What matters most is how AI users build the LLM, and how natural and therefore trustworthy the delivery is. 

“One way to add that layer of trustworthiness is to have the discussion be with an AI hologram avatar; one with truly natural presence, and head-to-toe not just a talking head, which provides non-verbal body language cues that add to a sense of trust and engagement,” said Raffi Kryszek, head of AI innovation at Proto Hologram, a holographic display technology company.

That technology already exists as several high-profile individuals have put their AI hologram avatars in public. That list includes tech investor Tim Draper, Reid Hoffman, Antonio Neri of HPE, Michael Milken, and Sara Blakely.  “The other great aspect of this is to have people be able to communicate this way in literally any language,” Kryszek said.

As for engaging with Buffett, Kryszek said it would be difficult to keep a stock conversation up to date with up-to-the-minute news. “That said, there’s no barrier to having meaningful conversations with Buffett about his investing philosophy, or with Musk about the big picture with SpaceX,” he said. “However, you don't just link it up with any random app; you need to customize the LLM with guardrails and provide access to the person's real writing and past interviews.”

Engaging with deceased legends is on the table

Can these AI engagements be applied to deceased historical icons, and how far can the technology go?

Yes, technically, Wild said.

“It's not even that hard if there’s enough text,” he noted. “If you have a rich body of interviews, speeches, or writing, you can build a convincing conversational AI around almost anyone.”

The technology really isn't the issue; the motive is for AI users. “The interesting question is whether there's real value in getting advice from Jesus, Joan of Arc, or Leonardo da Vinci when the world they lived in no longer exists,” Wild said.

That's where the issue gets nuanced and tricky.

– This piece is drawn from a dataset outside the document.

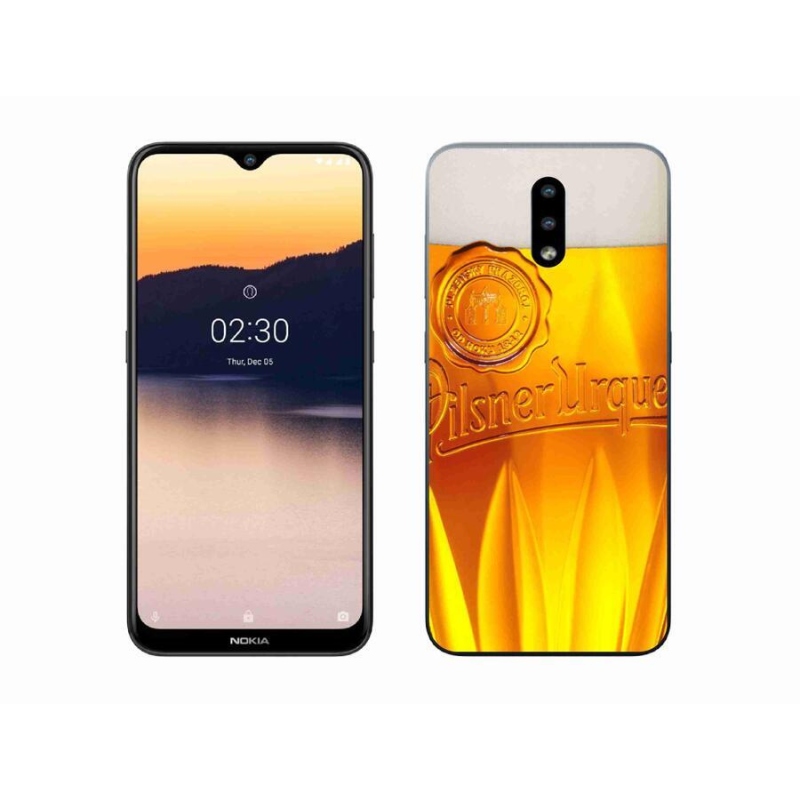 Gélový kryt mmCase na mobil Nokia 2.3 - pivo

“These are probabilistic systems generating responses based on historical data,’ Wild said. “The output can only go as far as what we have, and our ability to believe that output is authentic becomes the real bottleneck.”

Lincoln never wrestled with AI regulation, and Plato never considered social media's effect on democracy. “Consequently, the question of 'does it work' isn't about the technology,” Wild added. “It's about whether advice shaped by a fundamentally different world still holds when you try to apply it in 2026.”

As Wild says, sometimes timeless principles carry forward beautifully, and sometimes they collapse on contact with modern reality.

“And the AI won't know the difference,” he added.